## AIM OF THE TASK
Would you write out the full listing exactly, without any pictures?

## AVAILABLE DATA
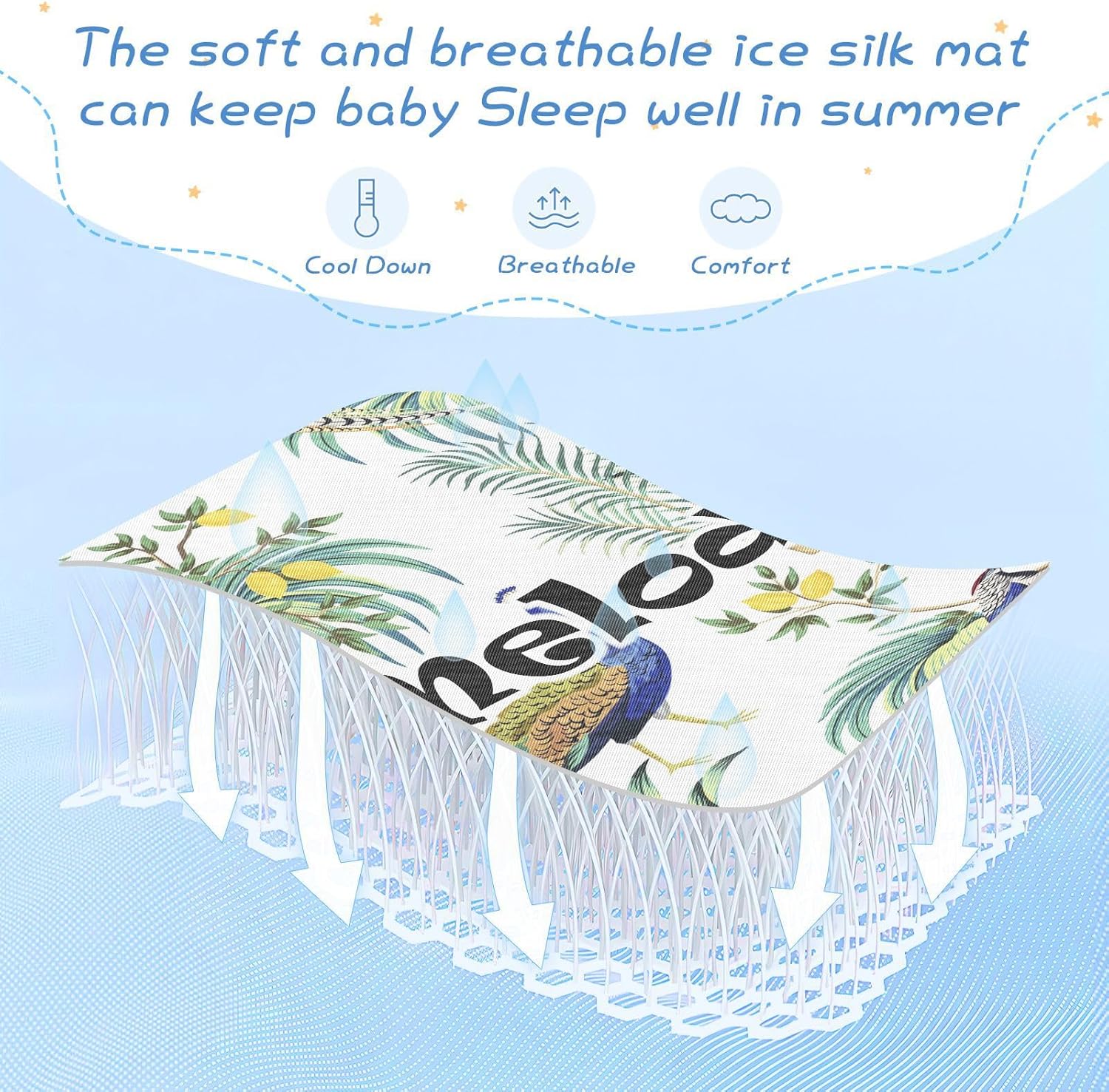 Custom Peacock Crib Mattress Protector Pad for Boys Girls Baby Ice Silk Mat Bed Playard Playpen Sheets Cooling Mattress Topper Play Mat for Standard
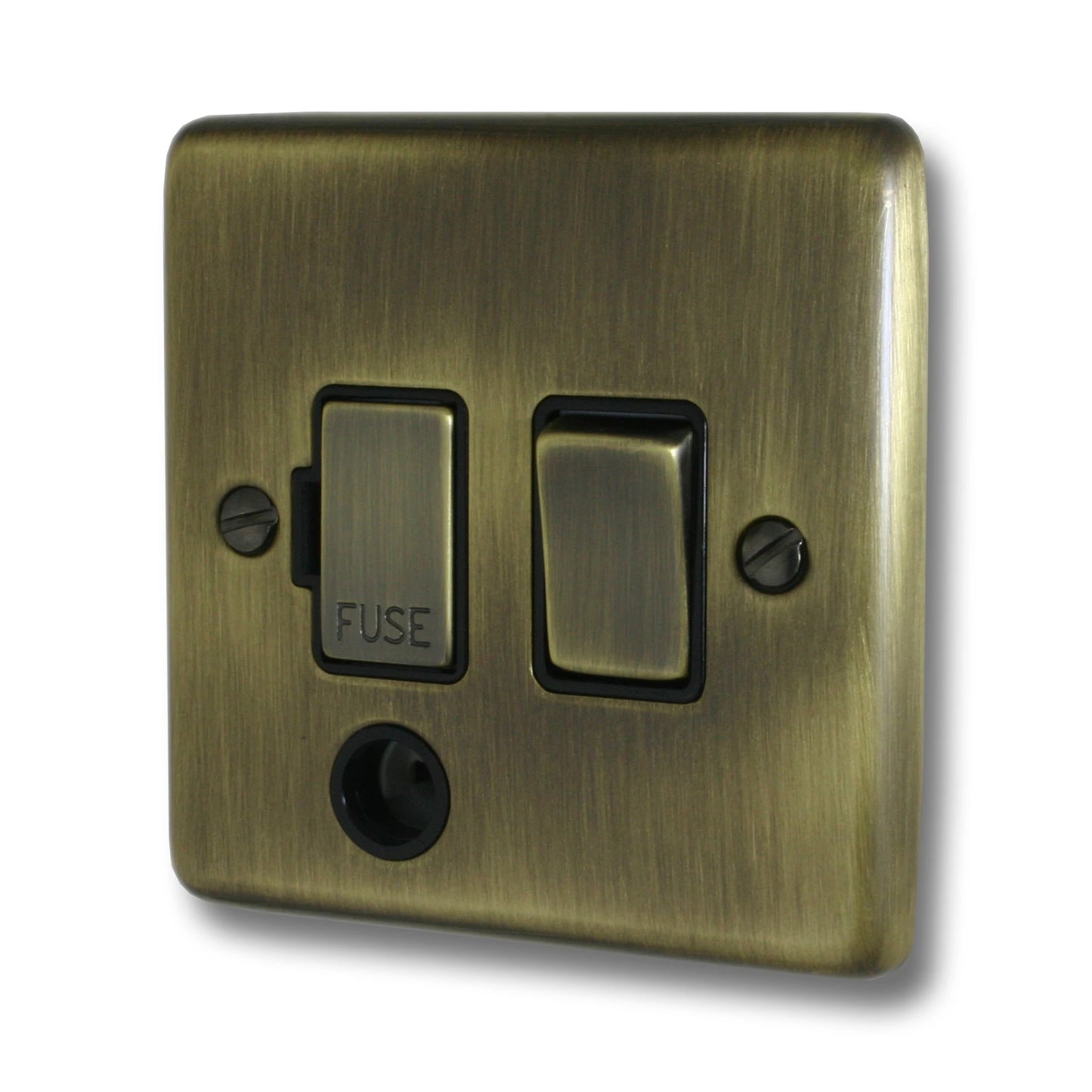 Contour Antique Brass Switched Fuse Spur with Flex Outlet (Brass Switch)
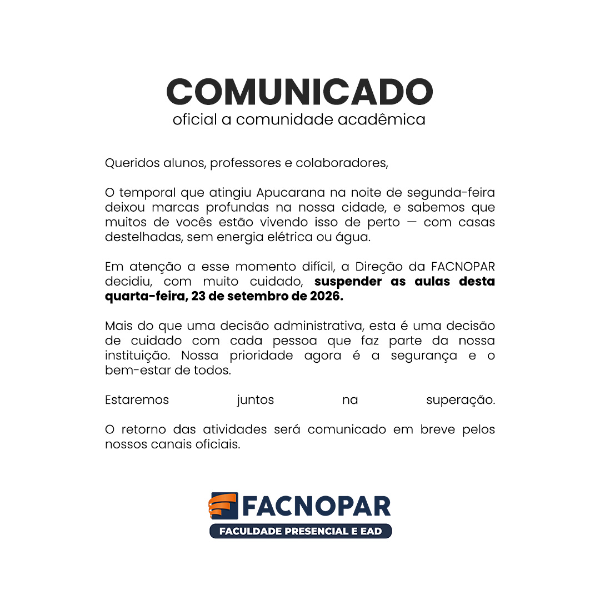 COmunicado Oficial 23 de Setembro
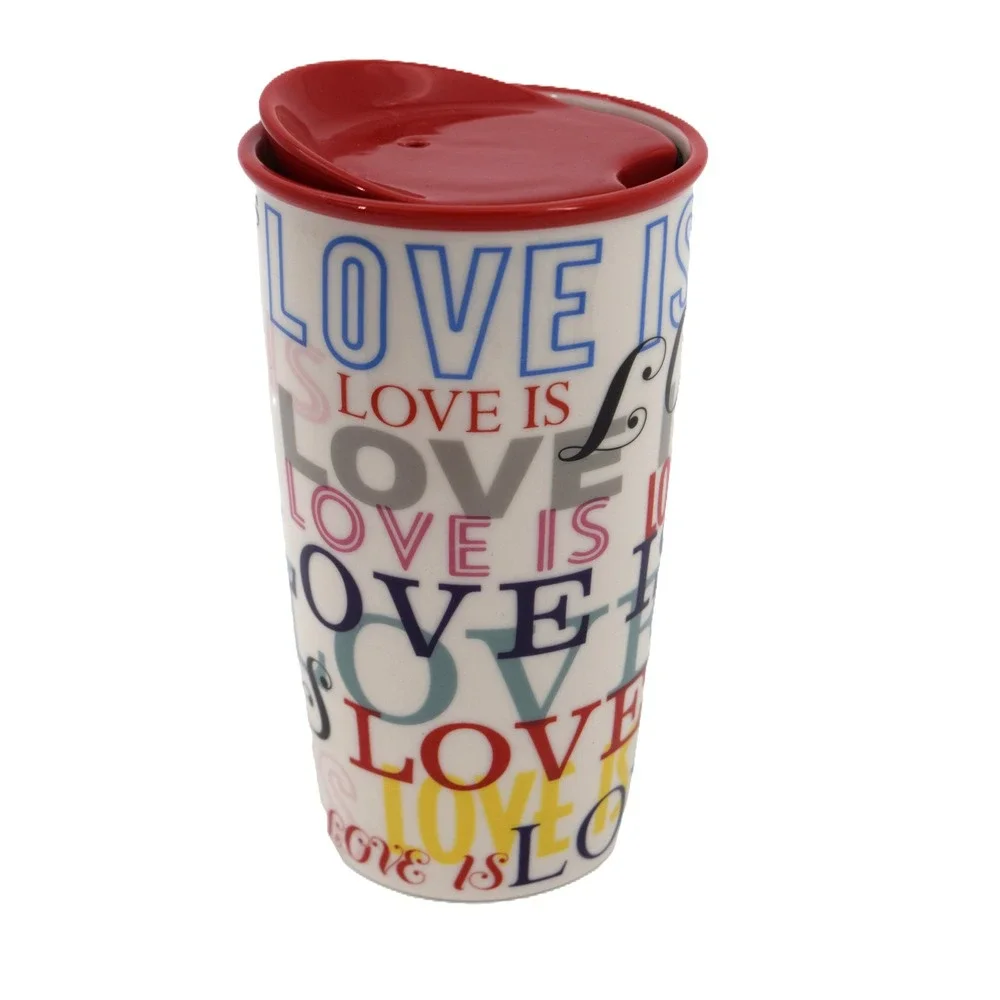 Starbucks Travel Tumbler Unisex 12oz White Love Is Typography Excellent Ceramic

## RESULT OF THIS EXERCISE
 Custom Peacock Crib Mattress Protector Pad for Boys Girls Baby Ice Silk Mat Bed Playard Playpen Sheets Cooling Mattress Topper Play Mat for Standard
 Contour Antique Brass Switched Fuse Spur with Flex Outlet (Brass Switch)
 COmunicado Oficial 23 de Setembro
 Starbucks Travel Tumbler Unisex 12oz White Love Is Typography Excellent Ceramic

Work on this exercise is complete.